北朝鮮が2025年初めから一部住民に自家用車の所有を認め、個人所有車にのみ付けられる「黄色ナンバー」の車両が平壌で急増している。これは北朝鮮の民間所有政策に変化が生じていることを示す初の具体的兆候といえる。
シンガポールの写真家アラム・パン氏は、自身のインスタグラムで「2013年から北朝鮮を訪れてきたが、これまでに見た黄色ナンバーは6台にすぎなかった。ところが今回の平壌訪問では100台以上を目にした」と報告した。パン氏は10月、朝鮮労働党創建80周年記念行事の取材のため平壌を訪問していた。

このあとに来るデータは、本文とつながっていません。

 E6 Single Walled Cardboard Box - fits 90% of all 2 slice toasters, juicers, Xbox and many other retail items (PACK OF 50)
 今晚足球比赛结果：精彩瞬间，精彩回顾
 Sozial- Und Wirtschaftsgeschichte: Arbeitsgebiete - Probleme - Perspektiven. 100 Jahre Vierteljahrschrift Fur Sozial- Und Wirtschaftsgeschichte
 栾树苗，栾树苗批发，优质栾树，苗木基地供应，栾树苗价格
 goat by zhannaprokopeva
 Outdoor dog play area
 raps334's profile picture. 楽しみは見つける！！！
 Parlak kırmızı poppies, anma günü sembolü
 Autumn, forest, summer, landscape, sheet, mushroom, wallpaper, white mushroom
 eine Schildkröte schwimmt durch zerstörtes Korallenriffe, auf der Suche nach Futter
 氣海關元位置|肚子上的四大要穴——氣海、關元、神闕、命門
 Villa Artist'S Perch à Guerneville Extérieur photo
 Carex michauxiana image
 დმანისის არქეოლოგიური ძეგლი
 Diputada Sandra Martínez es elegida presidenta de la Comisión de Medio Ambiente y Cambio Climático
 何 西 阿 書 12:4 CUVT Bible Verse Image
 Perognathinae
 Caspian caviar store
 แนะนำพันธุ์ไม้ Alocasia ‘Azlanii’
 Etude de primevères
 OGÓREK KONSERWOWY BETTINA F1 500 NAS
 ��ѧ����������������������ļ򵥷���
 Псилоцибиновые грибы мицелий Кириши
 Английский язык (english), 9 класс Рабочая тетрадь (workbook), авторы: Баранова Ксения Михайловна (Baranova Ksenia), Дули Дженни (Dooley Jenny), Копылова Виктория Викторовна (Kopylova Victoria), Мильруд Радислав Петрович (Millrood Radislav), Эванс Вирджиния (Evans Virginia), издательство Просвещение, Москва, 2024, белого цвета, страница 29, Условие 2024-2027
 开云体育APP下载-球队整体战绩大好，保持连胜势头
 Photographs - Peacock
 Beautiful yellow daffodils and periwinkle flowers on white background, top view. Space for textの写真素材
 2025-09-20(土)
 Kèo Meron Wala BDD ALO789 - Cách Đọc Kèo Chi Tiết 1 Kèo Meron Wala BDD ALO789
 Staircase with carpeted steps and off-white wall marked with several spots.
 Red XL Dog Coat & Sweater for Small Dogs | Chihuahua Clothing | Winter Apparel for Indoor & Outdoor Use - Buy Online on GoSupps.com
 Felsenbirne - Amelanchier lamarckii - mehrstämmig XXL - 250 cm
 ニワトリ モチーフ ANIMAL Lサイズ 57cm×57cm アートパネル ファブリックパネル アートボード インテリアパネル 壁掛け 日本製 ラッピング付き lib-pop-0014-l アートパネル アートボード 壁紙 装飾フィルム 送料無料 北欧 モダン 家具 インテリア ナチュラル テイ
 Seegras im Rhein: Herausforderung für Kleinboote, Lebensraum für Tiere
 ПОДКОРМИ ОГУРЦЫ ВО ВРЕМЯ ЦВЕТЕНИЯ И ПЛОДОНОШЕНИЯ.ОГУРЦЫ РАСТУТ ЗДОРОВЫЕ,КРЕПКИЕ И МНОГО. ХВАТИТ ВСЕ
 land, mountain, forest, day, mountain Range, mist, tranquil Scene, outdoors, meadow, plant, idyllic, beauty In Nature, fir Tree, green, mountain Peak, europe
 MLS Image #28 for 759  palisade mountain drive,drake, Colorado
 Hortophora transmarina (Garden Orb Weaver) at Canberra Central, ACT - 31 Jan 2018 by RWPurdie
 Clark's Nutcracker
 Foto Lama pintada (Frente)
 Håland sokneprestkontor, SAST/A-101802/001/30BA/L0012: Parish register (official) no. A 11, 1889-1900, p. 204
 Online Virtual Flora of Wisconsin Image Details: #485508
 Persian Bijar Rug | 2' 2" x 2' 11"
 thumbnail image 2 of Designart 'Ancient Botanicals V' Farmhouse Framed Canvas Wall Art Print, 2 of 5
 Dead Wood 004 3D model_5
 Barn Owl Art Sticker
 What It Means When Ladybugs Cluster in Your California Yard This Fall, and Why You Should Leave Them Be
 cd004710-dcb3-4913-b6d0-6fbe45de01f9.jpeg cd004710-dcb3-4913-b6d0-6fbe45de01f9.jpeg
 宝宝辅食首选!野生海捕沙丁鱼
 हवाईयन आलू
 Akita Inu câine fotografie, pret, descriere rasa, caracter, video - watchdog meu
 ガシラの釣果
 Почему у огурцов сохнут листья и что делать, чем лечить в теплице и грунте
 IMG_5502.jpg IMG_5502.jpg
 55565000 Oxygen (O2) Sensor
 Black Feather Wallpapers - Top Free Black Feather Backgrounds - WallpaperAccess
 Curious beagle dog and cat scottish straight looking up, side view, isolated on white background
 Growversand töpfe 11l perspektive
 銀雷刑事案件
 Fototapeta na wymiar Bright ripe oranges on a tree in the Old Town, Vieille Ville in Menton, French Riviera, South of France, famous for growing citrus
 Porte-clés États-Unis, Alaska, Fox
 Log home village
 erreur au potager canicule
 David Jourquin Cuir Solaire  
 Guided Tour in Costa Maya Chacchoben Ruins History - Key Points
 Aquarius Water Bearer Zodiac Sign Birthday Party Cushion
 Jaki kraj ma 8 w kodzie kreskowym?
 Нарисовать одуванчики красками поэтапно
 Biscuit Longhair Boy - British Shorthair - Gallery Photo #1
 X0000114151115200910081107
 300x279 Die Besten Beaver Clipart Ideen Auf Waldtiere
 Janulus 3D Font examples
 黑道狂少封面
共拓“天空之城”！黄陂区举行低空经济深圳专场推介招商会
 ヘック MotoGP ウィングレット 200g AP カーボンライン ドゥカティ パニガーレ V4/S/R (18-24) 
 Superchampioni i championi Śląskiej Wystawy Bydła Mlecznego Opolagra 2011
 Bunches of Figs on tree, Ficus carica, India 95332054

北朝鮮で黄色ナンバーは、個人が所有する自家用車にのみ付けられるとされる。パン氏によると「黄色ナンバーの番号は2001番から始まり、今回確認した最大番号は5858番だった。少なくとも3858台以上の個人所有車が存在することを意味する」と分析した。
北朝鮮事情に詳しい消息筋によれば、北朝鮮当局は2025年初頭から自家用車の個人所有を本格的に解禁したという。韓国統一省も「そのような動向を注視している」として、関連情報を把握していることを明らかにしていた。現地映像で確認されたのは今回が初めて。
韓国・慶南大学極東問題研究所のイム・ウルチュル教授は「キム・ジョンウン(金正恩)朝鮮労働党総書記は現在、平壌の文明化・近代化に力を注いでおり、自家用車の所有容認はその一環だ」と指摘した。
キム総書記は2024年4月、「第8回党大会が提示した首都建設5カ年計画の次の段階目標を達成し、平壌を強国・(北)朝鮮にふさわしい世界的な文明都市へと変貌させる」との目標を掲げていた。
イム教授は「一定の範囲で住民に携帯電話や自家用車といった基本的な私有財産を認めれば、国内の消費を刺激できるうえ、住民の生活水準が向上しているかのように内外に誇示することもできる。政権にとって政治的にも経済的にも利点がある」と分析している。